Où est le papier que vous achetiez si facilement avant la nationalisation ? Différentes hypothèses se présentent. L’agent préposé à la nationalisation est un bolchevik au petit pied, de l’espèce que j’ai décrite. Il a simplement volé une partie du stock pour le revendre sous main à un prix exorbitant favorisé par l’absence de papier sur le marché légal libre. C’est probablement l’hypothèse qui se présentera le plus souvent. Il se peut également que le papier n’ait pas été volé, mais vendu à la clientèle qui vous a précédé. Votre ancien fournisseur était intéressé à compléter son stock le plus vite possible ; mais le fonctionnaire qui gère le stock ne l’est pas du tout. S’il est zélé, il entrera en correspondance avec un bureau central quelconque et réclamera de nouvelles marchandises. Mais la correspondance administrative traîne, même dans un Etat socialiste.
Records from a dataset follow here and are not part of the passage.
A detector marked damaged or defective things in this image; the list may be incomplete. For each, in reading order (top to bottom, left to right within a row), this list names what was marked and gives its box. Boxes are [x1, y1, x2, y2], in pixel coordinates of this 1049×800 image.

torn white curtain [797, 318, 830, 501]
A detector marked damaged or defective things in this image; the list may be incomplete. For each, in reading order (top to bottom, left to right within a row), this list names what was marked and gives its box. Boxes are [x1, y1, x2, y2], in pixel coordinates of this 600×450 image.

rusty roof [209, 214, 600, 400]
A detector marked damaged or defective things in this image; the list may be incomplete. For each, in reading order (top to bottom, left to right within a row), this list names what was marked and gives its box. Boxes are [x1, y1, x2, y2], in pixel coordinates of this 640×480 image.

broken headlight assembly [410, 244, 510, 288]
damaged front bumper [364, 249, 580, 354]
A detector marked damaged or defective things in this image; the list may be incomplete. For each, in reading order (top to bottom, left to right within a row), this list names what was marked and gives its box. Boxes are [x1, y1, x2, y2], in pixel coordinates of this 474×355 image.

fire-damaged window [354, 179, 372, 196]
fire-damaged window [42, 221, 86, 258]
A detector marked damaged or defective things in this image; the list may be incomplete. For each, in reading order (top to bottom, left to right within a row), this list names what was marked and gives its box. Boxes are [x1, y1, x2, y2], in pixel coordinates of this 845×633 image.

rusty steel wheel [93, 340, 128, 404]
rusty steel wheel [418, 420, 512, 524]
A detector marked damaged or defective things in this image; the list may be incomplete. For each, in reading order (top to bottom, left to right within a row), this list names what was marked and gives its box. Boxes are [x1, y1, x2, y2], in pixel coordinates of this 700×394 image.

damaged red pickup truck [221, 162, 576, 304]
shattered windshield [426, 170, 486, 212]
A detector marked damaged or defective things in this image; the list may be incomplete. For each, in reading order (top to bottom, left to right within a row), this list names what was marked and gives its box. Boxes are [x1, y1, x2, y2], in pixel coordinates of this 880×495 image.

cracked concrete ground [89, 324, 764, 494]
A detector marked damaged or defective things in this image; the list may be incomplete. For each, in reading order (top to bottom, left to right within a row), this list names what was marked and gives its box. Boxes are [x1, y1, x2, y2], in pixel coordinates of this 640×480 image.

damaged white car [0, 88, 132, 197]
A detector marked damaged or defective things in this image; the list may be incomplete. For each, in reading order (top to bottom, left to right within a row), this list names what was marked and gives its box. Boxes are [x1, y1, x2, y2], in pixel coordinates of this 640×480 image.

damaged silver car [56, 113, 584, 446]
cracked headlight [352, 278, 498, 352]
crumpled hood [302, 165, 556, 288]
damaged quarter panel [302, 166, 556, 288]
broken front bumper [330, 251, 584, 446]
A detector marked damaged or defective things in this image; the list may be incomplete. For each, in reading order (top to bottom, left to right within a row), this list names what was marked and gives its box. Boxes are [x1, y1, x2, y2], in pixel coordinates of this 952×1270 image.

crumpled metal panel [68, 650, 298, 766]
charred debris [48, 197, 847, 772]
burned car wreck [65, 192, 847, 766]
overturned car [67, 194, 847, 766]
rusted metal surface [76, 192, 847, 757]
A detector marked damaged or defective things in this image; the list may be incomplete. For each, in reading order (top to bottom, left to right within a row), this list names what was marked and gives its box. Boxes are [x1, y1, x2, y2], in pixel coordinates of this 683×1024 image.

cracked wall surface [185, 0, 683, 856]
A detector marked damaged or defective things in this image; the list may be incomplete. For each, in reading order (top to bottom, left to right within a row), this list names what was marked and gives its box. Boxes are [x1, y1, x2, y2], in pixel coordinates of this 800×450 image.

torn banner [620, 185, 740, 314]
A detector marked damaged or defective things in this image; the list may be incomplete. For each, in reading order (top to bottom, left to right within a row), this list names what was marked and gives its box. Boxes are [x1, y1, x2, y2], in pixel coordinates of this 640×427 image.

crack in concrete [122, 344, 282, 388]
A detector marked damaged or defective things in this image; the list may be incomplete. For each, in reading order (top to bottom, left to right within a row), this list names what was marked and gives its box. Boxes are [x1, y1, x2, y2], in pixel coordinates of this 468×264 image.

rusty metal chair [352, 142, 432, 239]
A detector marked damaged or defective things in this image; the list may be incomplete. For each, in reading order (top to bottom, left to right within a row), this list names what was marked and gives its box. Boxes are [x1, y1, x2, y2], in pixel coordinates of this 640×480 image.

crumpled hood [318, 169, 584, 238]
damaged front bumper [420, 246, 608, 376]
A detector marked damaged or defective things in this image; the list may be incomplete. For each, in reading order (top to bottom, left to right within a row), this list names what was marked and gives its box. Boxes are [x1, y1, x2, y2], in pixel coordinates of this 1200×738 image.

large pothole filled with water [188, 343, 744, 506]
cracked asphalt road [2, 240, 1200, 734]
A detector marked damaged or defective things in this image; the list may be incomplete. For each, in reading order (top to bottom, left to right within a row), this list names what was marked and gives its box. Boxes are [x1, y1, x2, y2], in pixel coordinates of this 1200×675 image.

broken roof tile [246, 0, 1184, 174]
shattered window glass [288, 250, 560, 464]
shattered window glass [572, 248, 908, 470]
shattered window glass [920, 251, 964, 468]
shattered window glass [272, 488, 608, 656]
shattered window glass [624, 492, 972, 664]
Et puis, des questions de principe peuvent se poser au bureau, et alors c’est la fin de tout espoir de pouvoir toucher votre papier à lettres. Imaginez seulement que le bureau ait la prétention de procéder d’une façon logique : il devra alors faire l’inventaire de tout le papier à lettres de toute la Russie, puis établir un plan de distribution entre cent millions d’hommes et le distribuer conformément au plan. On peut être certain de n’avoir jamais le papier souhaité, car, enfin, le régime bolchéviste ne pourra durer toujours.

Il se peut aussi que les stocks manquent et que les fonctionnaires les plus zélés et les plus intègres, préposés au commerce national, n’y puissent porter remède. La difficulté gît dans l’insuffisance de la production.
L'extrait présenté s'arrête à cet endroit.